Meadow grass has recently gained increased attention as a substrate for full-scale biogas reactors. However, to increase its biodegradability, pretreatment is needed. In the present work, different harvesting machines were compared in order to assess their effect on biogas production. Specifically, a Disc-mower, an Excoriator and a Chopper were used to define the most appropriate machinery in order to improve the energy output per hectare for full-scale biogas plants. Among the harvesters, Excoriator, a novel simultaneous harvest and mechanical treatment, was found to significantly increase the methane yield of meadow grass by 20% compared to a classical Disc-mower. The positive effect was also validated by three kinetic model equations. The modified Gompertz model was the most capable of determining the kinetics of anaerobic digestion process, pointing out also the superiority of Excoriator.
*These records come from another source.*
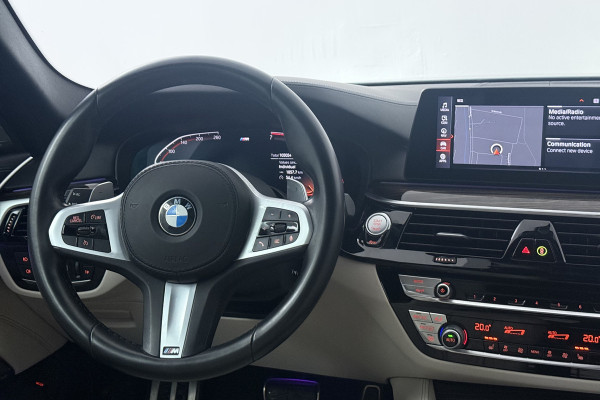 BMW 5 Serie 520i High Executive Edition (STOELVERWARMING, H/K AUDIO, ELEKTR STOELEN, SFEERVERLICHTING)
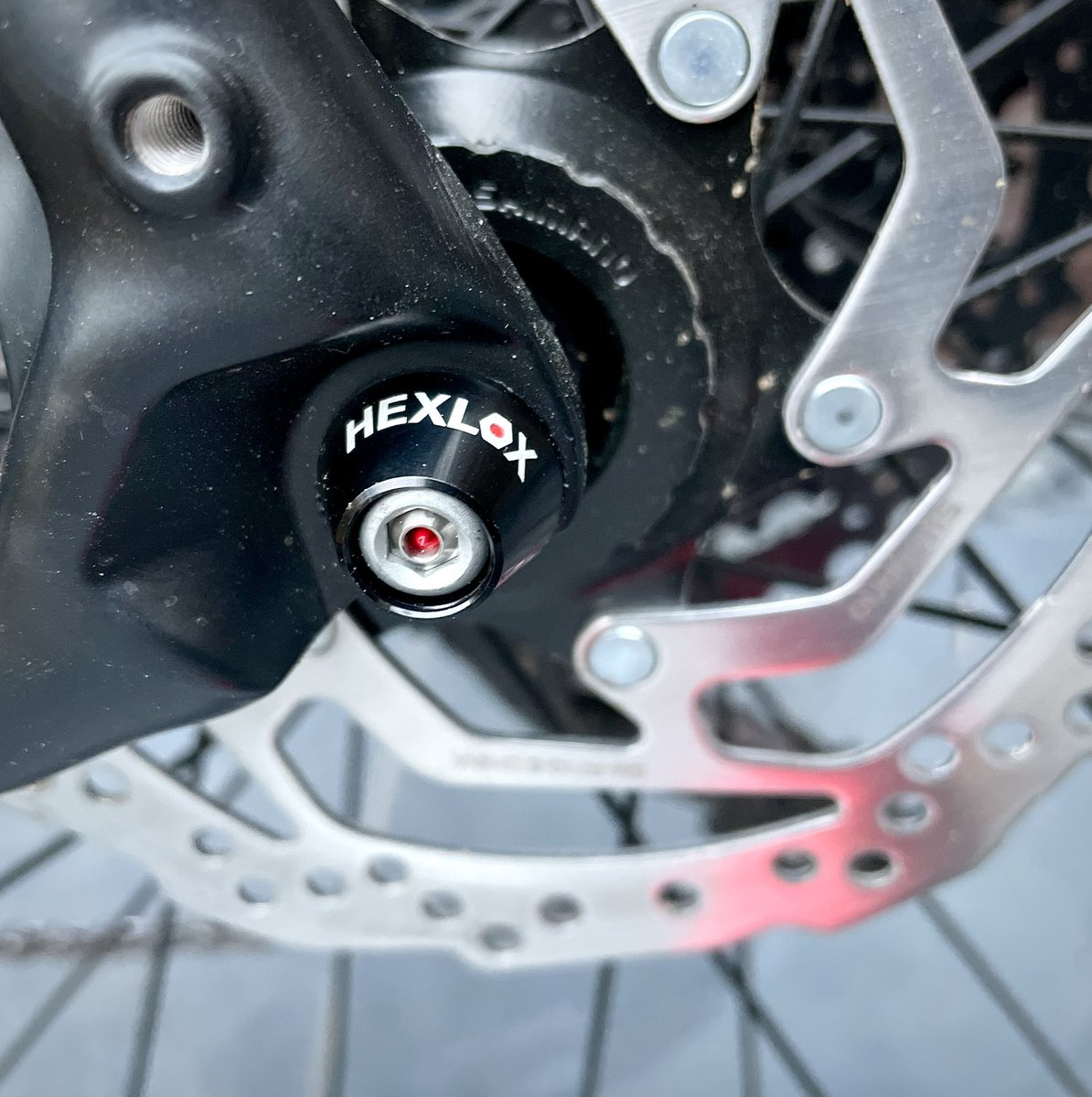 Rubyekah's tweet photo. A BIG Thank You to @thebikingbruce for fixing my new @hexlox fittings on my bike! Also, for fantastic bike security advice 👏 Highly recommended friendly local bike service 🚴♀️🥇😊 #Teddington #Twickenham #local #bikeservice #thebikingbruce #hexlox https://t.co/PeVerFeWOW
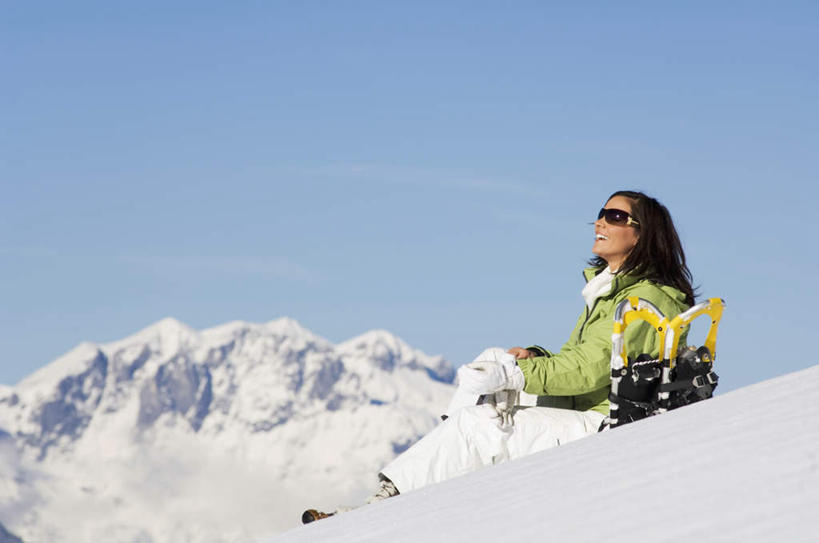 西方人,一个人,坐,笑,微笑,露齿笑,横图,室外,白天,侧面,旅游,度假,美景,山,山脉,雪,大雪,欧洲,欧洲人,仅一个年轻女性,仅一个女性,仅一个人,戴,阴影,服装,光线,墨镜,眼镜,影子,积雪,景观,山峰,雪景,冬季,冬天,山峦,注视,娱乐,运动器械,衣服,蓝色,蓝天,天空,阳光,自然,太阳镜,太阳眼镜,群山,天,观察,看,享受,休闲,温暖,健身器械,遮阳镜,景色,放松,寒冷,服饰,晴朗,观看,羽绒服,保暖,滑雪板,滑雪鞋,戴着,察看,御寒,关注,自然风光,健身器材,滑雪装备,万里无云,严寒,冬装,年轻女性,女人,女性,白种人,晴空,晴空万里,坐着,彩图,全身,运动器材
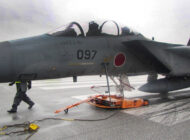 Japon ordusunun F-15J uçağı acil indi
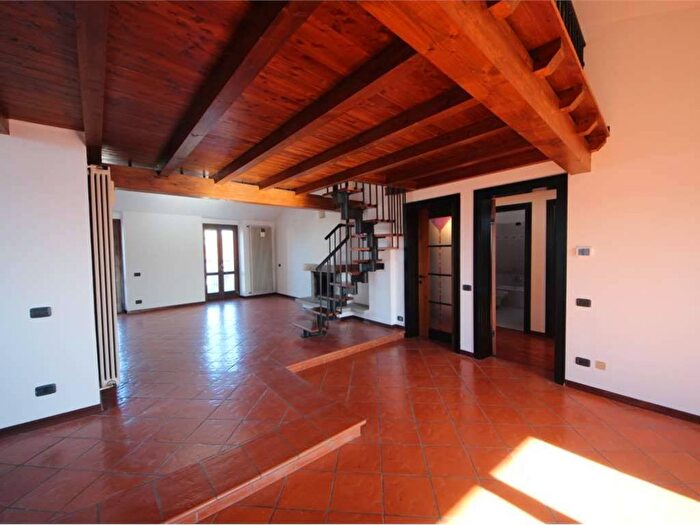 Casa trilocale in affitto in Centro, Oleggio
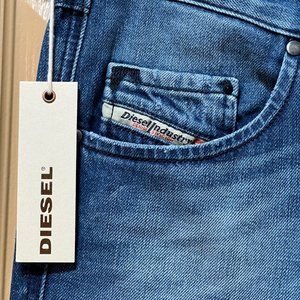 ❤️ NEW ❤️ DIESEL NWT VIXY Blue Jeans Size 28W 34L 100% Cotton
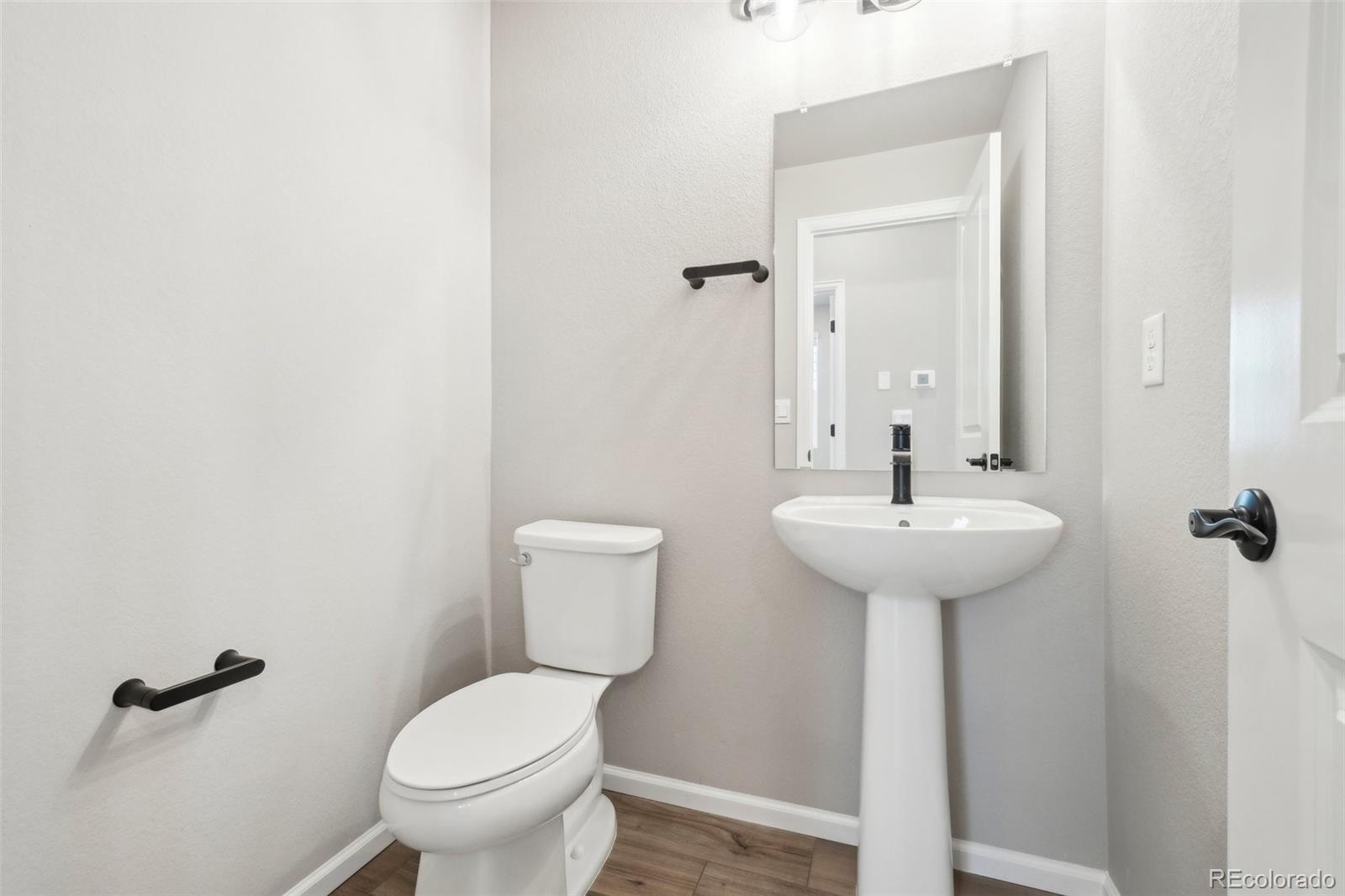 MLS Image #9 for 21142 e 63rd drive,aurora, Colorado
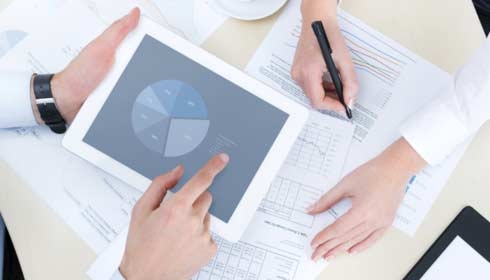 Examen des statistiques sur papier et sur tablette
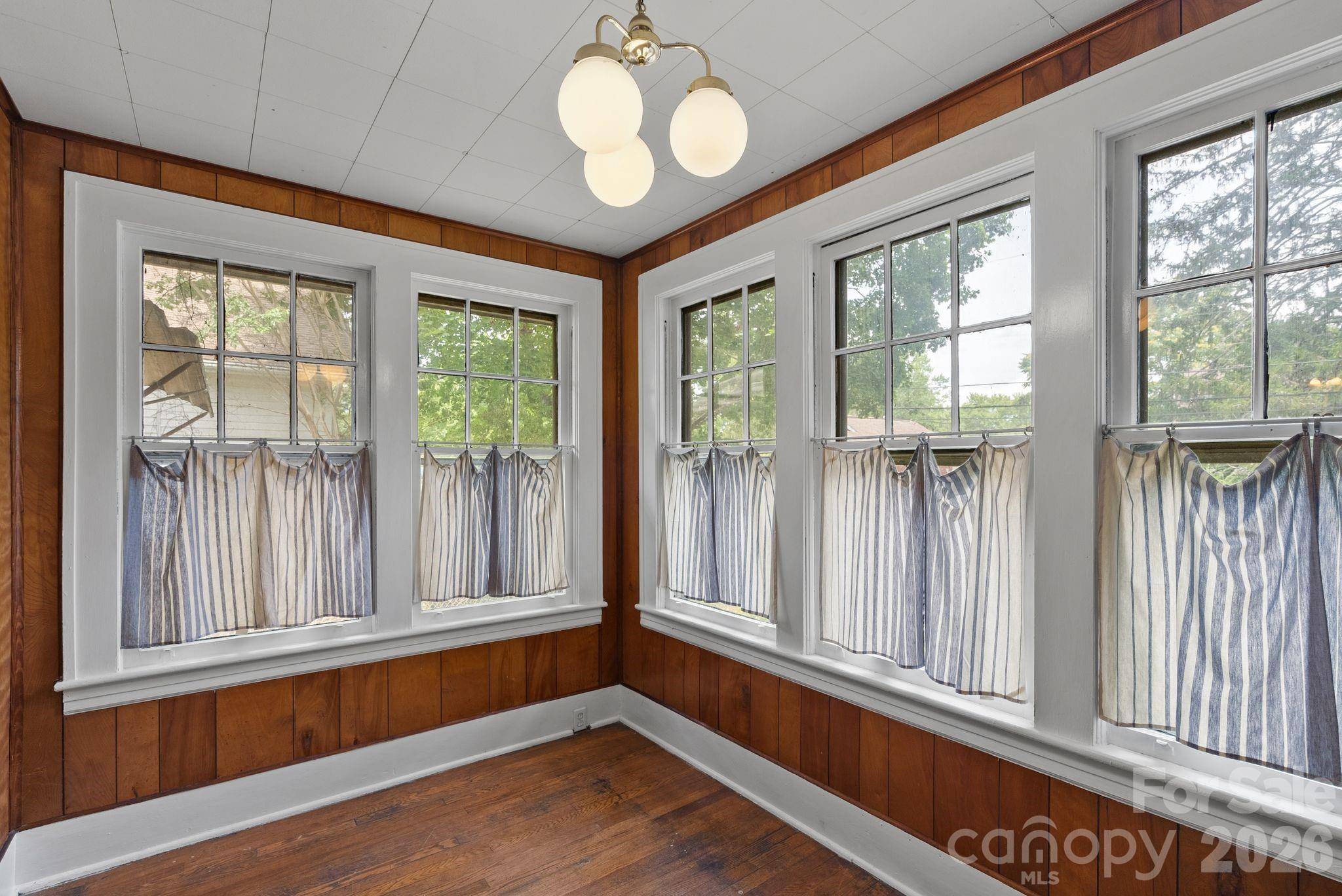 47 Virginia AVE, Asheville, NC 28806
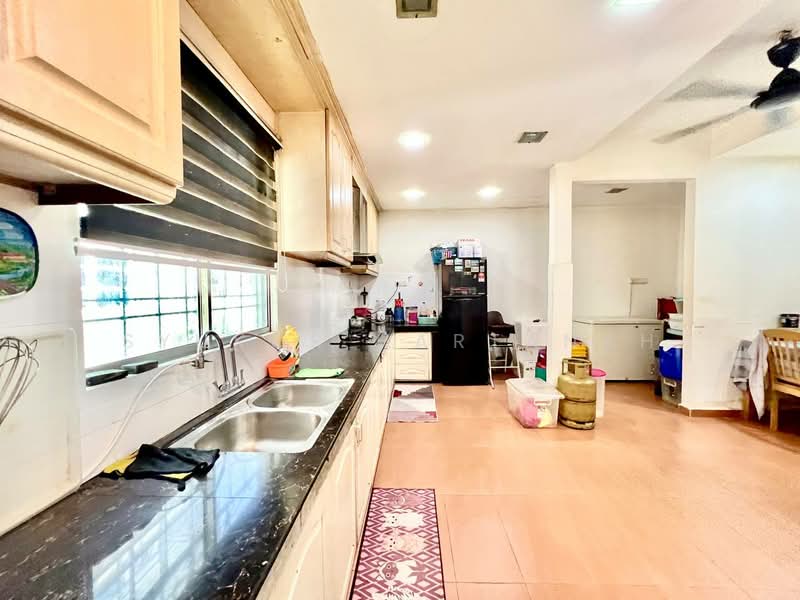 2-storey Terraced House for Sale in Jenjarom (Selangor) - Syukor Hartanah - Kitchen - PropertyGuru.com.my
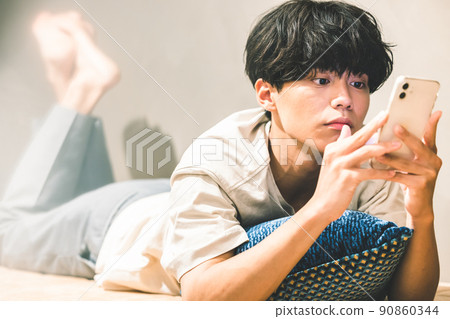 Young men lifestyle smartphone shooting cooperation: WEEK Shibadaimon (Sun Frontier Fudousan) Young men lifestyle smartphone shooting cooperation: WEEK Shibadaimon (Sun Frontier Fudousan) 90860344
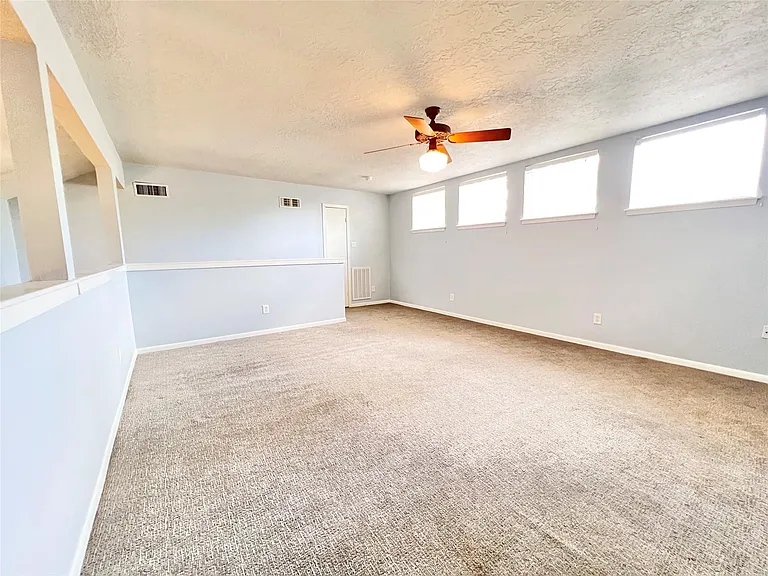 11407 Briar Rose Dr — Photo 36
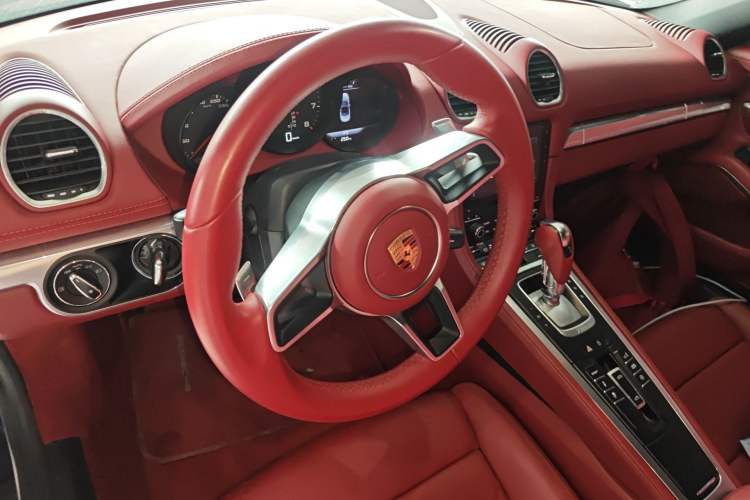 Used Porsche 718 2020 Boxster 2.0T
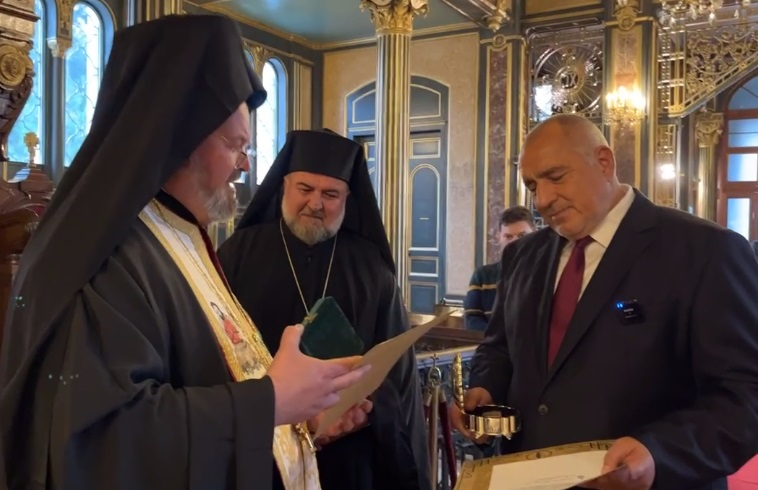 Борисов получи благословия в Истанбул, дариха го с частица от Светия кръст ВИДЕО
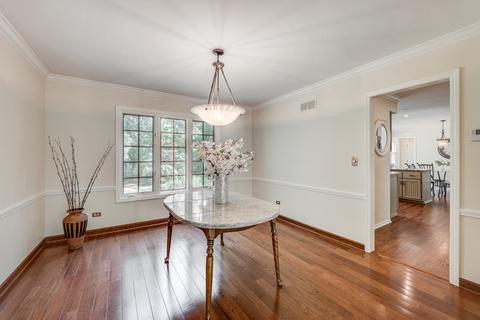 466 Hevern Dr, Wheaton, IL 60189 photo 15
The usage of the novel harvester was associated with increased energy output, either for electrical/thermal energy generation or for transport fuel production, compared to the alternative machineries. Moreover, it was shown that the co-digestion of harvested biomass with different types of manure can enhance the bioenergy output of a full-scale biogas plant in a range of 12%–23%.

Suggested Citation

  • Tsapekos, P. & Kougias, P.G. & Egelund, H. & Larsen, U. & Pedersen, J. & Trénel, P. & Angelidaki, I., 2017. "Mechanical pretreatment at harvesting increases the bioenergy output from marginal land grasses," Renewable Energy, Elsevier, vol. 111(C), pages 914-921.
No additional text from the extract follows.